We quantified the amount of loop independent repression from the upstream operator by measuring gene expression in constructs lacking a main operator, as shown in Fig. 4(a). So far we have assumed that a Lac repressor bound to the upstream operator does not interact with the transcriptional machinery by setting r₂ = r₃. Now we calculate the relative rates of transcription from states 2 and 3 (see Fig. S5 and Supplemental Material [16] for derivation). As shown in Fig. 4(b), the ratio of transcription rates from states 2 and 3 varies with distance between 0.05 and 1.4, greatly reducing transcription at some lengths and acting as an activator at others, consistent with previous observations [18,32,33]. The upstream repressor interferes with promoter escape, and this interaction has been shown to be dependent upon the position and sequence of the upstream operator [18]. However, we still lack a quantitative understanding of how the sequence of the operator region influences this interaction and dictates the functional form of the curve in Fig. 4(b). By taking this effect into account, the corrected looping energy can be calculated, as shown in Fig. 4(c). At some lengths the looping energy changes several k_BT, resulting in large changes in promoter occupancy as shown in Fig. S6 in the Supplemental Material [16]. These results indicate the importance of the upstream operator in gene regulation at short distances. Furthermore, this correction reveals that short loops are not of a lower energy than longer loops, and restores the approximately 12 bp periodicity of repression with loop length at short distances as shown in Fig. S5(D) in the Supplemental Material [16]. Although the scaling of the local minima of looping energies with loop length is not a clear function of operator distance over the loop lengths measured, the corrected results shown in Fig. 4(c) are more consistent with the wormlike chain model in that the local minima of the looping energies do not decrease with length for loops shorter than the ≈150 bp persistence length of DNA [35].

FIG. 4.

(color). Correcting for direct upstream repression when calculating looping energies. (a) Regulatory interactions occur between RNA polymerase and the Lac repressor bound to a nearby upstream operator, skewing in vivo measurements of looping based on gene expression. (b) To account for direct auxiliary repression in looping constructs, we measure r₃=r₂, at each operator distance. (c) Correcting the two operator model from Fig. 1(b) to account for direct auxiliary repression reveals increased looping energies for the shortest loops and restores a uniform periodicity of repression with length at short operator distances. Error bars represent standard error.
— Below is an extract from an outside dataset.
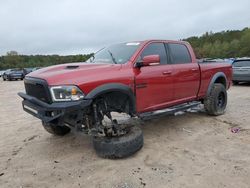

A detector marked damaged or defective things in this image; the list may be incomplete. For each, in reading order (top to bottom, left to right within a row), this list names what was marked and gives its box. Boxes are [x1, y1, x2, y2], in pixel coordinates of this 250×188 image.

Transcription is a critical regulatory decision point in the central dogma. Here we provide a quantitative characterization of the way that critical regulatory parameters modulate the output of transcriptional circuits involving DNA looping. Our thermodynamic model produces falsifiable predictions that are confirmed by our measurements. Additionally, by extending the model to allow for interaction between RNA polymerase and upstream repressors, we show the dependence of repression on loop length is complicated at short distances by the presence of nonlooping induced phasing. Accounting for this interaction resolves a long-standing puzzle about the possible short length flexibility of DNA in vivo.